The end of day one saw interesting presentations from
Caroline Cornish (Royal Holloway) and Mark Nesbitt (Royal Botanic Gardens, Kew)
on ‘Seeds of Industry and Empire:
Revitalising Economic Botany Collections’. I was not overly familiar with
the concept of ‘economic botany’ defined by Caroline and Mark simply as ‘plants
transformed into items of use to human beings’ These collections were
established and displayed in colonised countries, modelled on the oldest such
collection, the Kew Museum of Economic Botany. The end of empire marked the end
of these collections and many were dispersed and put into storage. Caroline and
Mark, through the course of their project on the subject have been re-discovering
these collections and exploring their relevance today.
Lastly, the day was finished on an entertaining note with a look at the
role of animals and Museum displays and marketing campaigns in Antonia
Lovelace’s presentation ‘Comparing the
meerkat and falling for ‘Digital’ monkey – How trending animal totems playfully
impact on our relationship with real animals and Museum displays’ Antonia
has had to present a case for acquiring some of these popular characters into
the collections at Leeds City Museum, a collection that already includes toys. Her
paper asked ‘is there a place for these objects in contemporary collecting?

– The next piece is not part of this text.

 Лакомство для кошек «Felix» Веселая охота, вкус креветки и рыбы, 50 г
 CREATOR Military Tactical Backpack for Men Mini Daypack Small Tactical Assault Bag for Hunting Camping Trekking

The day’s sessions finished at 5.00pm allowing more time for
exploration of the galleries, a drinks reception and a short talk from Chris
Spring of the British Museum on the temporary touring exhibition ‘Social Fabric: African Textiles Today’.
Delegates enjoyed top-notch catering of a delicious three-course meal provided
by the Powell-Cotton’s in house caterers.

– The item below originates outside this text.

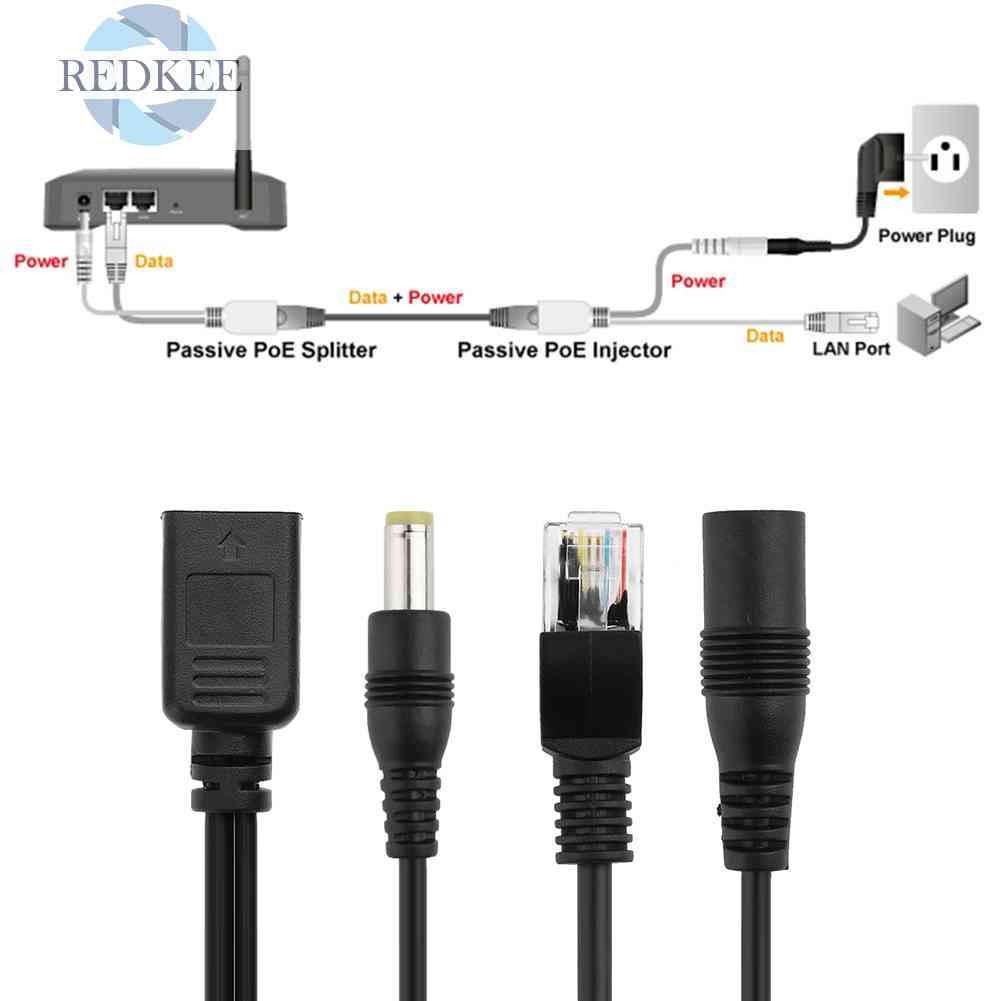 2 Đầu Chia POE Cho Dây Cáp Mạng Ethernet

Day two of the conference was opened by Anita Herle
(Cambridge Museum of Archaeology and Anthropology), Tony Eccles (Royal AlbertMemorial Museum Exeter) and Alison Brown (University of Aberdeen) and their
paper ‘Storied Landscapes: Enlivening
Blackfoot Collections in UK Museums’ and the work all three are doing
through their respective institutions extending networks between Blackfoot people and
UK collections and how for Blackfoot people landscape and sites of encounter
contribute to a fuller understanding of Blackfoot historic collections.
The interdisciplinary aspect of the conference theme ‘Nature and Culture’ was metamorphasied
by interventionist artist Alana Jelinek by cleverly using the science of ecology as a metaphor for the art world. Alana reinstated and emphasised the
reoccurring themes of the conference; that the dichotomy between nature and
culture may not exist, there is no clear divide between what is human and what
is not human. Alana proposed using the science of ecology to understand the
complex interactions between the range of cultural practices at play in the art
world.
As well as the more thematic papers on ‘Nature and Culture’, the conference as usual offered a plethora of
interesting ‘work in progress’ papers for colleagues to share and up-date
members on current projects in the sector often reflecting current trends and
practice in ethnography more generally. Included in this was an update from Len
Pole on the ‘Uniques’project: getting to
know more about ethnographic collections in Kent and Sussex’, Alison Petch
on progress being made on researching Spencer and Gillen collections outside of
Australia, Heather Donoghue on cataloguing the Cooke Daniels collections at the
British Museum before she embarks on fieldwork in Papua New Guinea, Clare Wintle’s potential project exploring ethnographic museums at the end of empire,
1945-1980, a period often thought of as the ‘dark ages of museum ethnography’,
but how far is this theory true, in what ways were museums in the UK
contributing to wider political, economic and social change during the middle
years of the twentieth century? Catherine Harvey spoke about a recent
significant acquisition for Hasting’s Museum of North American material from
Colin Taylor and the challenges faced by small local museums during difficult
economic times in advocating world culture collections. Alison Brown concluded
the work on progress papers having just returned from Russia having, through an
AHRC funded project facilitated the loan of a mammoth ivory model of ysyakh
from the British Museum to the National Museum of the Arts, Yakutiia.
A selection of papers from the conference will be available in the next
issue of the Journal of Museum Ethnography (JME) (available from April 2016).